А четвертая глава превосходной повести "Медведь"? — глава, большая часть которой представляет собою не разбитую даже запятыми единую фразу, заключающую в себе одновременно и массу исторических сведений о семействе Маккаслинов, и весьма важные для Фолкнера рассуждения о земле и человеке на ней, о негритянской проблеме, и диалог, в котором даже искушенный читатель не вдруг различит, какие реплики принадлежат Айку Маккаслину, главному герою повести, а какие его дяде, Касу, — а может, и диалога вовсе и не было, а была только внутренняя полемика героя с воображаемым оппонентом? Такое толкование текст тоже допускает. Только разве задача читательская заключена в дешифровке малопонятного стиля?

Этой загадочности можно как будто найти оправдание. Даже и впервые очутившись среди героев Фолкнера, сразу ощущаешь, что многие из них — люди надломленные, пожалуй — безумные.
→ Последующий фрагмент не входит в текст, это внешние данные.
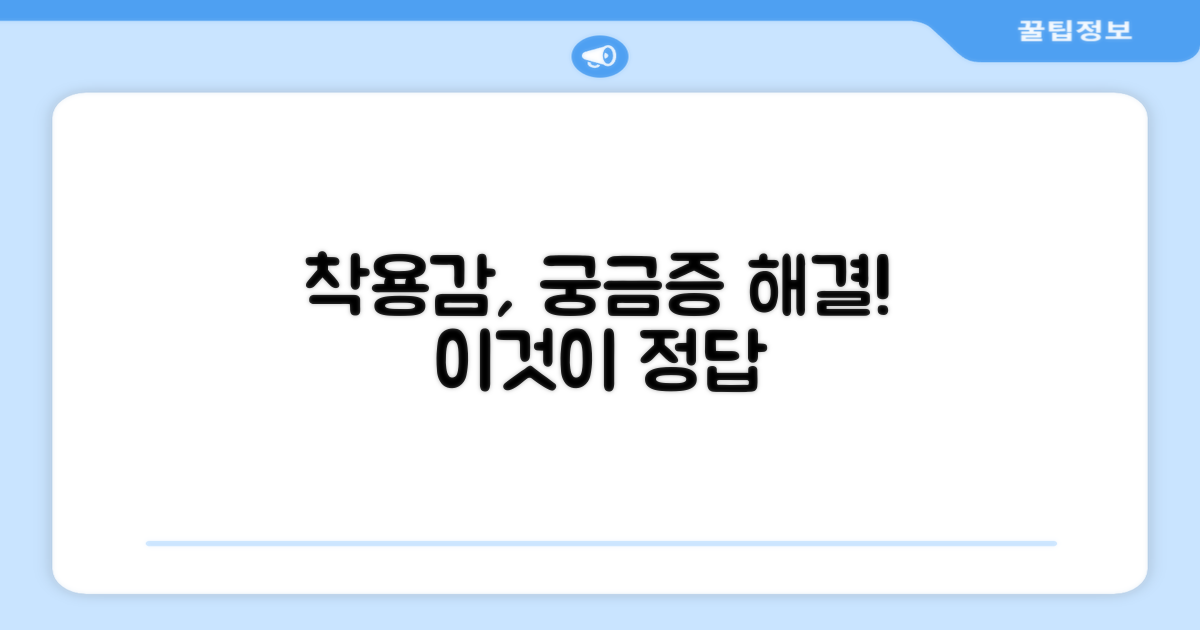 착용감, 이것이 궁금하다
Не о патологии речь — идиоты у Фолкнера тоже есть; но ведь и Айк — человек, по фолкнеровским понятиям, здоровый, даже, можно сказать, символически здоровый, воспринимает мир с острой, чуть не катастрофической напряженностью. Так удивительно ли, что разорванность чувства находит адекватное себе словесное выражение, не только нарушает последовательность речи самих персонажей, но и вносит хаос в стилистику всего произведения?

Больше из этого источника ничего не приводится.